■ About this task ■
Print exactly the lines below between the line holding "When you get" and the line holding "That might be", inclusive, and nothing more.

■ Data for the task ■
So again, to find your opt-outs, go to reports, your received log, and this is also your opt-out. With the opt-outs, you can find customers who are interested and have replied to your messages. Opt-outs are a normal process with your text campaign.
==
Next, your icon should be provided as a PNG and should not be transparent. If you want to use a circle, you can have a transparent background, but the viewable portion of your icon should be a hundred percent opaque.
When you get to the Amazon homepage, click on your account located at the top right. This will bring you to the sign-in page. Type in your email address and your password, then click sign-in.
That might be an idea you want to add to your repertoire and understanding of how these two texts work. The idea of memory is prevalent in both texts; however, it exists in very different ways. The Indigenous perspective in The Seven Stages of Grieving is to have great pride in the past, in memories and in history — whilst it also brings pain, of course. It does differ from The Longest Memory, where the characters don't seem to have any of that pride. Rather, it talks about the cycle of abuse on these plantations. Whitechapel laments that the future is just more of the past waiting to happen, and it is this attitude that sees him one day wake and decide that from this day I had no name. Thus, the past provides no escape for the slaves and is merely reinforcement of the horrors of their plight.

■ Solution to this problem ■
When you get to the Amazon homepage, click on your account located at the top right. This will bring you to the sign-in page. Type in your email address and your password, then click sign-in.
That might be an idea you want to add to your repertoire and understanding of how these two texts work. The idea of memory is prevalent in both texts; however, it exists in very different ways. The Indigenous perspective in The Seven Stages of Grieving is to have great pride in the past, in memories and in history — whilst it also brings pain, of course. It does differ from The Longest Memory, where the characters don't seem to have any of that pride. Rather, it talks about the cycle of abuse on these plantations. Whitechapel laments that the future is just more of the past waiting to happen, and it is this attitude that sees him one day wake and decide that from this day I had no name. Thus, the past provides no escape for the slaves and is merely reinforcement of the horrors of their plight.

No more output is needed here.